At present, Venezuelans top the list of foreign nationals claiming asylum protection in United States, Spain, Costa Rica, Panama, Brazil, Colombia, Peru, Ecuador, Chile, Argentina, Uruguay, Aruba, and Curaçao. They are the second largest claimant group in Mexico and the Dominican Republic.
Last month, the Office of the United Nations High Commissioner for Refugees UNHCR and the International Organization of Migration IOM estimated the number of Venezuelans fleeing their country at 3 million.
One big problem for the Venezuelan refugees who have to leave on foot is that there isn’t all the much help available to them in nearby countries. Columbia has been trying to help, but their resources are already strained. Some of their other neighbors aren’t on good terms with Venezuela and aren’t too keen on taking their people in.

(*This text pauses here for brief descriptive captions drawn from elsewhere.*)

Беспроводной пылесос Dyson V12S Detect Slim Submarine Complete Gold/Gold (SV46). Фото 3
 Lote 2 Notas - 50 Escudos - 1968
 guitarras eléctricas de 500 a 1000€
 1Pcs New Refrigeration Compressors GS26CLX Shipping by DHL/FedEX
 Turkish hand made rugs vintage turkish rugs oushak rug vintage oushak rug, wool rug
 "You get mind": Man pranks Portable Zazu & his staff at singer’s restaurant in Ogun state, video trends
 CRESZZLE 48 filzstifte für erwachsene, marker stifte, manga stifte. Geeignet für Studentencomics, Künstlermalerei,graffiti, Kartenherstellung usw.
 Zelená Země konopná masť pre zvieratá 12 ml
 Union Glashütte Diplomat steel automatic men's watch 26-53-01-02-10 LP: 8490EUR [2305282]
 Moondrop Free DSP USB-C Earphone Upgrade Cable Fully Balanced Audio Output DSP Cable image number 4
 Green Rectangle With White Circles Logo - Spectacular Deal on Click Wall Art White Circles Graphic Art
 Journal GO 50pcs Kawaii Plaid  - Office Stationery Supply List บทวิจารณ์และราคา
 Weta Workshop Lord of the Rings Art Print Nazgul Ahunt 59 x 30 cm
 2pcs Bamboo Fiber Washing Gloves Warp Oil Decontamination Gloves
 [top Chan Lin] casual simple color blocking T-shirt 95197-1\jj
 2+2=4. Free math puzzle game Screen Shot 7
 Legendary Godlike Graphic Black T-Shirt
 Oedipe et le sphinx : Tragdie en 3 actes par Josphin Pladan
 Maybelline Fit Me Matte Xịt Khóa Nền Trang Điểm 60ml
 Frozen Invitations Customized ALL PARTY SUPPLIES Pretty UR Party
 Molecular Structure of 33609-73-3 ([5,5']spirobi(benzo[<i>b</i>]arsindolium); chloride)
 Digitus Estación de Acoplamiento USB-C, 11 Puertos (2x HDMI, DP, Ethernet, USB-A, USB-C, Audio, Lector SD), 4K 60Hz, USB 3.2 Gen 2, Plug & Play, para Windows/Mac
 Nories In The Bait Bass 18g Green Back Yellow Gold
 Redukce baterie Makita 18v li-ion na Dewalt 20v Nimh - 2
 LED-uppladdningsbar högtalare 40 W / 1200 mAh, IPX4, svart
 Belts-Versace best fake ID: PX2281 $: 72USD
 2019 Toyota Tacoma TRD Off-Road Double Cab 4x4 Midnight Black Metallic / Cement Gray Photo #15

Of course, a lot of people have to leave on foot because even those who were previously well-off found their fortunes wiped out when the country’s currency collapsed along with most of their industry and agriculture. Some were still able to muster the resources required for transportation and head to more promising locations, including the United States. But there’s no country that can just absorb three million destitute migrants overnight.
None of this should ever have been an issue. There was no reason for this tragedy to befall the Venezuelan people. Their country boasts vast agricultural expanses which are fertile enough to feed most of South America and used to do so year after year. They sit upon the largest proven reserves of crude oil in the world. They should be swimming in food and riches. But the socialist tyranny of Nicolas Maduro and his kleptocratic government have destroyed it all. Now the starving citizens of Venezuela who are not part of the ruling government party have become “somebody else’s problem.”
Unless and until this despotic, socialist regime can be overthrown and replaced with something – anything – else, the travesty will continue.